She seemed to be getting slightly better over the weekend - my mom was alone with her and they had an amazing time, "dancing" together to Michael Buble and cuddling at night. However, last night she took a turn for the worse and had several violent vomiting episodes and seemed to throw a clot in her leg, which temporarily paralyzed it. Although she only had use of three legs, she still dragged herself up to sleep with my parents. Tearfully, they took her to the vet this morning, who gently recommended that it was her time. He sedated her to make her comfortable, and my parents had some time to cuddle her before the final injection.

We knew it was coming, and I suppose that of course it doesn't make it any easier, but I still feel so crushed.
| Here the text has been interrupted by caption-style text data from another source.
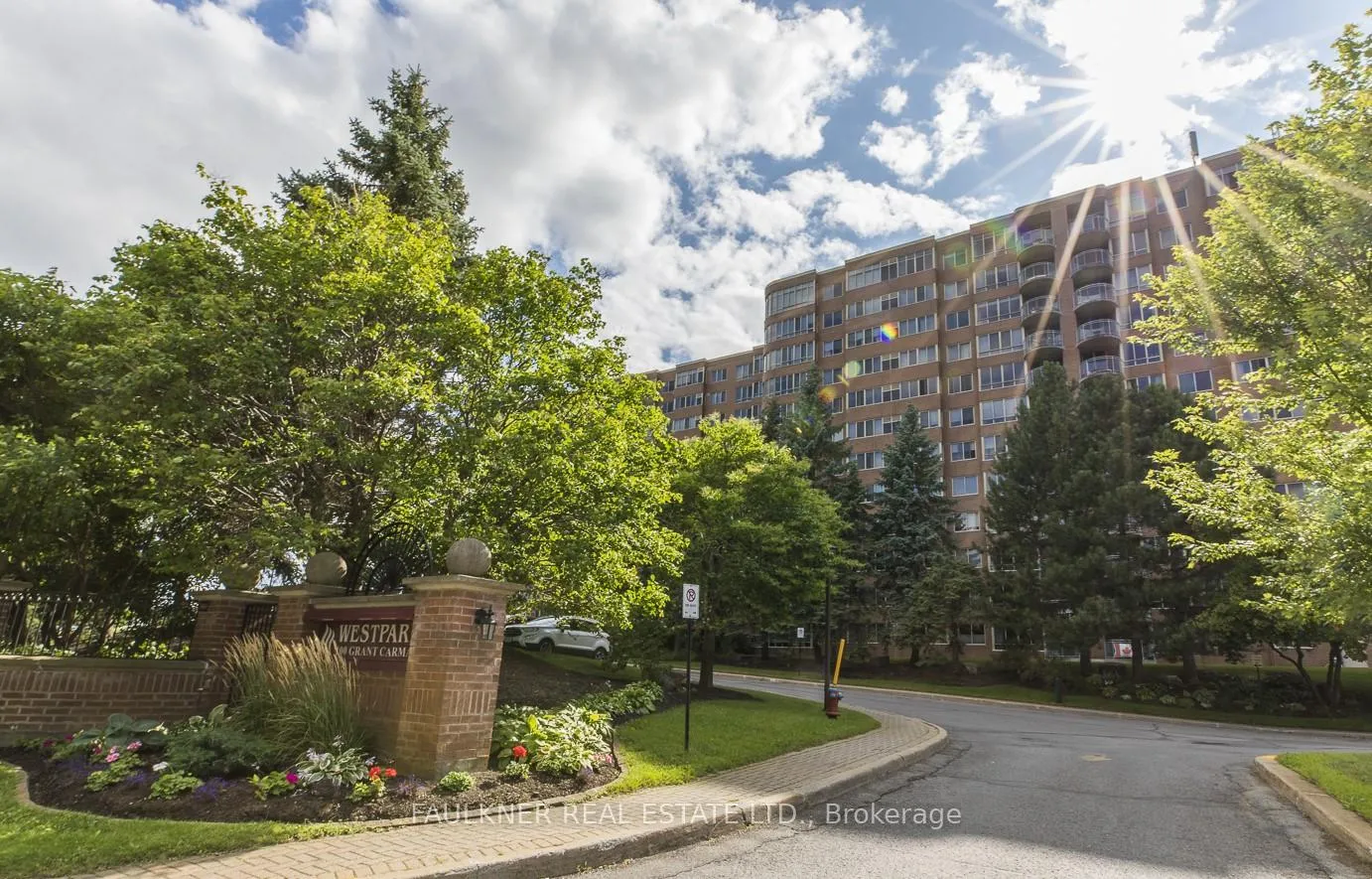 Photo 1 of Unit 111, 100 Grant Carman Drive, Ottawa, Borden Farm/Stewart Farm/Carleton Heights/Parkwood Hills — HOMEH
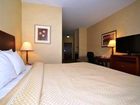 фото отеля Comfort Suites Elkhart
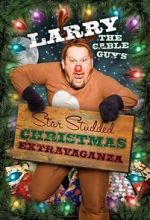 Watch Larry the Cable Guy\'s Star-Studded Christmas Extravaganza Vodly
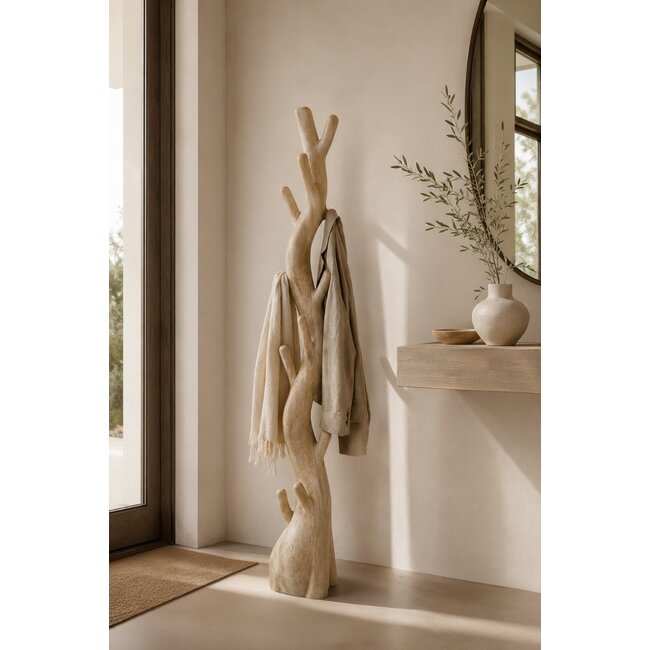 Kapstokken Suar Wardrobe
In the past few days, I felt worried for her, but generally I was of the sentiment that she had a long, wonderful life, and that's how it goes. However, I was totally shocked and so, so upset to hear that it actually happened today - I really broke down when my mom asked me if I wanted to have her buried with the little blanket I knit her when I was twelve.

It's just so much of my own history wrapped up in this cat - she was there through so many pivotal moments - I swung her around in joy and cried into her fur in sorrow and anger many times. My heart is just aching for her, and it was so hard not to be part of it at all today (I live in BC and my parents live in Ontario). I'm actually going back in a week for other reasons, and it's going to be so hard to go home and not see her there.

Anyway, just wanted to share her story - she was much beloved. I love you Nikki.


----------



## marie73 (Jul 12, 2006)

It seems so rare these days that cats have a long, wonderful life with the same family. Nikki was a very, very lucky kitty, and you obviously loved each other very much. I'm so sorry for your loss. atback


----------



## Leazie (Apr 14, 2007)

It is so obvious that Nikki was a much loved and cherished member of your family. Your grief is going to be deep since she was such an amazing part of your family. 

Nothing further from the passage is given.